6.5.2 POTENTIAL MECHANISMS EXPLAINING THE DIRECT
ASSOCIATION BETWEEN INTENTIONAL WEIGHT LOSS AND TYPE 2 DIABETES INCIDENCE
Despite the inverse associations found in the literature on weight loss and T2D incidence, and despite even a relatively small weight loss with healthy lifestyle changes effectively preventing T2D incidence in intervention studies (Haw et al. 2017), long-term weight maintenance appears to be difficult and rare (Melby et al. 2017). The direct association between self-report dieting attempts and IWL and subsequent weight gain found in many observational studies is further described in section 2.2.6. Weight gain and obesity, in turn, increase the risk of developing T2D. In addition to the potential linear weight gain after dieting, weight cycling itself may possibly increase the risk of T2D. Suggested potential metabolic pathways by which weight cycling may promote the development of T2D include general weight gain and the accumulation of abdominal obesity (Mackie et al. 2017). Abdominal obesity in particular has been indicated to contribute to the development of insulin resistance (Tchernof & Despres 2013). Additionally, weight gain and weight
Discussion
cycling may induce unfavorable alterations in metabolic factors such as MetS components (Montani et al. 2015, Rhee 2017). MetS, in turn, is a considerable risk factor of T2D, increasing the risk fivefold (O'Neill & O'Driscoll 2015). However, in a review by Mackie et al. (2017), only a little more than half of the studies found weight cycling to increase the risk of future weight gain or to alter body composition into more unfavorable, and the majority of the studies failed to find an association between weight cycling and impairment in metabolic markers. Despite this uncertainty, the evidence suggesting that weight cycling is associated with T2D occurrence is relatively consistent (Kodama et al. 2017, Rhee et al. 2018).
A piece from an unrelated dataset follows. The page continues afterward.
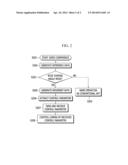 METHOD AND APPARATUS FOR WIDENING VIEWING ANGLE IN VIDEO CONFERENCING     SYSTEM diagram and image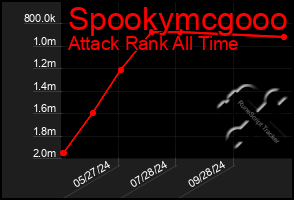 Total Graph of Spookymcgooo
In addition, one meta-analysis on weight loss and mortality risk concluded that IWL is associated with increased mortality among initially healthy individuals, but with decreased mortality among unhealthy individuals (Harrington et al. 2009). Hence, it is possible that also in this general population the adverse consequences of IWL may reverse the potential beneficial effects of weight loss in the long term (Sørensen et al. 2005).
It is possible that self-initiated weight loss is insufficient to reduce the risk of T2D. However, in this study, the magnitude of the risk of T2D appeared to grow in parallel with the amount of intentionally lost weight. This is in disagreement with the findings of some of the previous observational studies suggesting that greater weight loss would result in a greater reduction of risk (Colditz et al. 1995, Resnick et al. 2000, Koh-Banerjee et al. 2004, Kim et al. 2018), although not all studies have supported this. The present finding may derive from greater amounts of weight loss during only one year, resulting in greater potential subsequent weight gain or weight cycling, and thus a greater risk of developing T2D.
Alternatively, it is possible that individuals with IWL may initially be at a greater risk of T2D or they may be more health conscious, and thus their T2D may become diagnosed more frequently. In order to understand the findings more thoroughly, the associations were further studied in subgroups of several background variables.